Nice reporting guys and well done to Cid and Stu for their results. Unfortunately I couldn't make this one but look forward to catching up with everyone at the Clyde round


----------



## Rstanek (Nov 5, 2007)

Despite a couple of good fish dropped yak-side that stung, it was a great day. plenty of 23cm-24cm fork bream, and I lost 4 packs of Gulp shrimps to choppers, little bream and unstoppables before managing to get one that scraped through into the livewell.

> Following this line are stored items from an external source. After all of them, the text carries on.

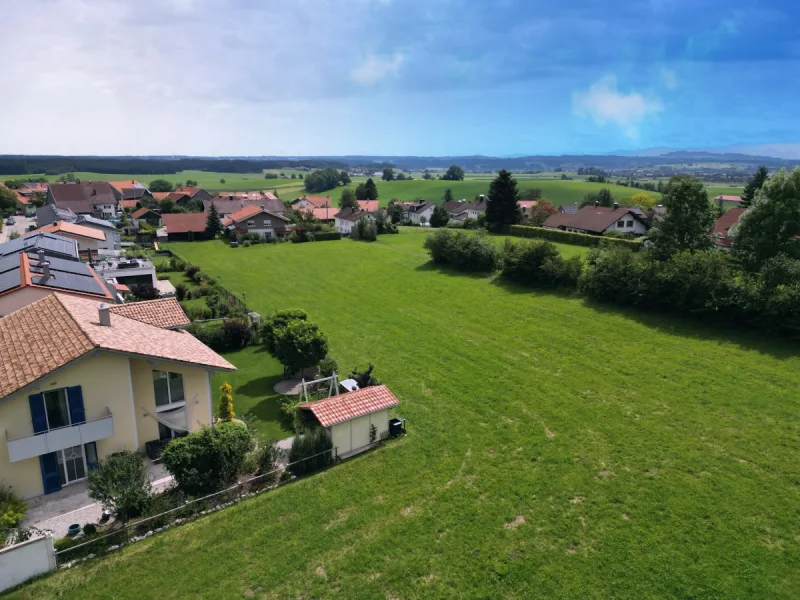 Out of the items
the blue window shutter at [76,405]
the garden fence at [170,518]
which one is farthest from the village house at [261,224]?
the garden fence at [170,518]

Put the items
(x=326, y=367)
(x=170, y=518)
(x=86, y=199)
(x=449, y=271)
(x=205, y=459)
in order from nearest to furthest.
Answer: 1. (x=170, y=518)
2. (x=205, y=459)
3. (x=326, y=367)
4. (x=449, y=271)
5. (x=86, y=199)

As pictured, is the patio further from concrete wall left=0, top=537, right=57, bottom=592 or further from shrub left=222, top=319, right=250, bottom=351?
shrub left=222, top=319, right=250, bottom=351

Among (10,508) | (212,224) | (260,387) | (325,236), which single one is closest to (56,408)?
(10,508)

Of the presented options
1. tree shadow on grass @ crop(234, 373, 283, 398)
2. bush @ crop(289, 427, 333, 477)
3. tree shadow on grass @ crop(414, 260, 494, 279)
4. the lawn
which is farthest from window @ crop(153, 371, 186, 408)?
tree shadow on grass @ crop(414, 260, 494, 279)

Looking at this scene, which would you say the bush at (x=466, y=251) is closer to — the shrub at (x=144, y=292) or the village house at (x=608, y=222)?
the village house at (x=608, y=222)

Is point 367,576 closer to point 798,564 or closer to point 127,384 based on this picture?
point 127,384

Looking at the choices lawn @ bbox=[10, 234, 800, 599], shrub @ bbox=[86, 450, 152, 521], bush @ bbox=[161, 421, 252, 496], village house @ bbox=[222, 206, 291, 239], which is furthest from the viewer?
village house @ bbox=[222, 206, 291, 239]

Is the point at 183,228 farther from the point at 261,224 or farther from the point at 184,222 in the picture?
the point at 261,224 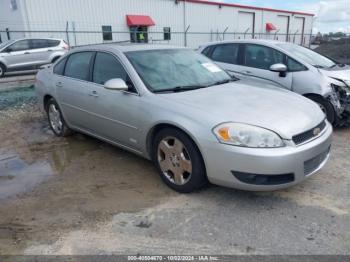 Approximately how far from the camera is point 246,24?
36188mm

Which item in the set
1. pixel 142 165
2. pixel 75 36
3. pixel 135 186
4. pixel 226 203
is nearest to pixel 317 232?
pixel 226 203

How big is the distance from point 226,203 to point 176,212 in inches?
21.2

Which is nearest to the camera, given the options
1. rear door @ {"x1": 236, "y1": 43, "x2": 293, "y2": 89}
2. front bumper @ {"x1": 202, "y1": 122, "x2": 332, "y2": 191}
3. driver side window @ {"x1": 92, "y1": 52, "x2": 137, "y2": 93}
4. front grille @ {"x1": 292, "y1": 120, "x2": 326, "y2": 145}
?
front bumper @ {"x1": 202, "y1": 122, "x2": 332, "y2": 191}

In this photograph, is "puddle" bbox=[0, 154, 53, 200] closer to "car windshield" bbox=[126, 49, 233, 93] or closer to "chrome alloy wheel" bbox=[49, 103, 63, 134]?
"chrome alloy wheel" bbox=[49, 103, 63, 134]

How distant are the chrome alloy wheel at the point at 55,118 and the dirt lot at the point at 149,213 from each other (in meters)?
1.08

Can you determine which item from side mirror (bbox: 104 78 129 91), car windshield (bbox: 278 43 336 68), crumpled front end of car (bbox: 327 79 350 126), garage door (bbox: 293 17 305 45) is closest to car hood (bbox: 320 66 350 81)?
crumpled front end of car (bbox: 327 79 350 126)

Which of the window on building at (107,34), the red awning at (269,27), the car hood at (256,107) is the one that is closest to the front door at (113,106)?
the car hood at (256,107)

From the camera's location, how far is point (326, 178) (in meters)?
3.96

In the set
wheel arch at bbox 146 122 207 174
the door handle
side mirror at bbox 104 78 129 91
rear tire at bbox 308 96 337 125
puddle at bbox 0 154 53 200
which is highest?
side mirror at bbox 104 78 129 91

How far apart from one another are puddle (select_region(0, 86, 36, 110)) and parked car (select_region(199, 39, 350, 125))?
4699 millimetres

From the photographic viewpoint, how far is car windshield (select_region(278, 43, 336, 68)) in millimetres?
6105

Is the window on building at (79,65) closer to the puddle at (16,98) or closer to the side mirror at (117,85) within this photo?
the side mirror at (117,85)

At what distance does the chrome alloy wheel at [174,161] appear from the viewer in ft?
11.5

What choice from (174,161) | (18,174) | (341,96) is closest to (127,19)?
(341,96) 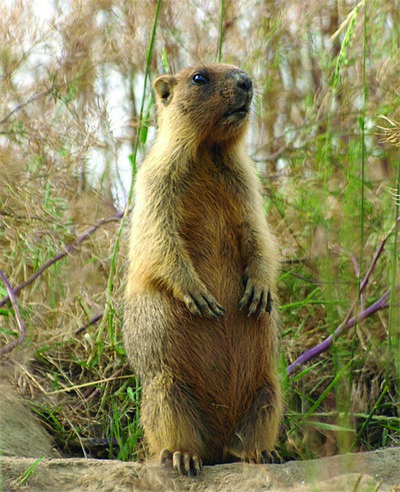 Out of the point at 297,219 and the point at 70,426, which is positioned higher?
the point at 297,219

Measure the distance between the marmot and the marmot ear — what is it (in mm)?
117

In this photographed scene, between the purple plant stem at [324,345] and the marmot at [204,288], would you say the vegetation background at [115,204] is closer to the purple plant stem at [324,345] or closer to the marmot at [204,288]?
the purple plant stem at [324,345]

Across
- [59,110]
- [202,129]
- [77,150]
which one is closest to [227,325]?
[202,129]

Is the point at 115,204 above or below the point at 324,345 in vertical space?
above

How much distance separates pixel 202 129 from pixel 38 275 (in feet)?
5.10

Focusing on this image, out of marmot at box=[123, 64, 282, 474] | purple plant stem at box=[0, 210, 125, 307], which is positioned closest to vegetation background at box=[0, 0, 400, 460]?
purple plant stem at box=[0, 210, 125, 307]

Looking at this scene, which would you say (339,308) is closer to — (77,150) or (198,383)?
(198,383)

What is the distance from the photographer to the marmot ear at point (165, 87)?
182 inches

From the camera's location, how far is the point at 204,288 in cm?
406

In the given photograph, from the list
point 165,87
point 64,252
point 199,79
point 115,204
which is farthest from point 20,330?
point 199,79

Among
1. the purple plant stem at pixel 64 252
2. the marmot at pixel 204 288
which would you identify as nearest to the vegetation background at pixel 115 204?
the purple plant stem at pixel 64 252

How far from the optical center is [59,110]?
5363 mm

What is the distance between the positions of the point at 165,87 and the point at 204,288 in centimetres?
137

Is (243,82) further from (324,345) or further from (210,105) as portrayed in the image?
(324,345) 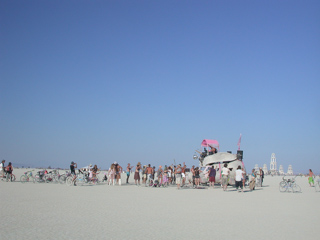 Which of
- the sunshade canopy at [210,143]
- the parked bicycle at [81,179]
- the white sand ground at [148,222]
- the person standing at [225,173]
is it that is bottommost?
the white sand ground at [148,222]

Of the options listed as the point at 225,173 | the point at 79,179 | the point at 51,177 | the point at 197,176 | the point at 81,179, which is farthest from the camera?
the point at 51,177

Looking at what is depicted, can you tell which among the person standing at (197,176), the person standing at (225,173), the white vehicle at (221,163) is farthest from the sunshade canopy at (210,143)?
the person standing at (225,173)

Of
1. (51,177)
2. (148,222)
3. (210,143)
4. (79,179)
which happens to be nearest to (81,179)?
(79,179)

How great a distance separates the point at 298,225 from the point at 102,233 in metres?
5.63

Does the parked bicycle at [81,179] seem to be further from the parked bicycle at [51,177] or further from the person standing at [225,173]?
the person standing at [225,173]

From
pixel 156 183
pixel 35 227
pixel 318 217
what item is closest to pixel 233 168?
pixel 156 183

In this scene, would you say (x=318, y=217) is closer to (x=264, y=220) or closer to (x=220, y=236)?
(x=264, y=220)

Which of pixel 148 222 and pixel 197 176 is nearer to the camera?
pixel 148 222

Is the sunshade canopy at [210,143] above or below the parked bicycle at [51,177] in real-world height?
above

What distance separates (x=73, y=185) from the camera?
21266 millimetres

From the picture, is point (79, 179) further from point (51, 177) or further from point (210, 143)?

Looking forward to the next one!


----------



## benji (Jul 15, 2008)

Well done guys. The wind was a pain when it came up, i didn't have my live well finished in time but luckly a mate asked if i would jump on his boat. 
We caught heaps of small bream just under size with only the one keeper going 25.1cm (not me). Most fish coming from the flats in kogarah bay, woolooware and Dolls point .Did manage to land a few good flathead over 60cm which is always fun on 4lb leader. Even with the electric it was difficult to fish in the wind. 
I should finish the live well soon so hopefully be going to the Clyde comp.


----------



## craig450 (May 11, 2007)

kraley said:


> yes, technically team Bamboozle lost out to arch-nemisis Davey G (or more correctly FISH MURDERER!), but we'll be back, with a vengeance! :twisted: :twisted: :twisted:


Ken, you deserved 1st place just for having the coolest team name :lol: Will we be seeing team Bamboozle :lol: :lol: (i cant get enough of that :lol: ) at the Clyde round?


----------



## blueyak (Jan 20, 2009)

Well done Cid on a well deserved win. Most won't know this but Cid was told to 'DO WELL OR IT'S YOUR LAST ONE', so I'm glad you got it mate.

It was good to see how many of the crew had travelled to get there with Craig putting in a great effort to drive from Batemans bay ( you're nuts ;-) ) and the Central Coast crew Dave, Dan and Jason putting in a good effort too, both with driving and with Dans 3rd place. Any time you see these guys rock up in their team colours you just know one of em will kick ass.

I'm a little surprised that a comp in sydney only pulls 20 kayaks especially when you consider at least 5 of them were from outside the sydney area. I know that you can go out and catch bream for free but if you haven't tried a comp (whether it be abt,ssbs or kft) yet you should seriously think about it. Yes it's a challenge, and yes the pressure of a comp will mess with your head ( or is that just me ) but I can assure you that you will get something out of it that improves your day to day fishing.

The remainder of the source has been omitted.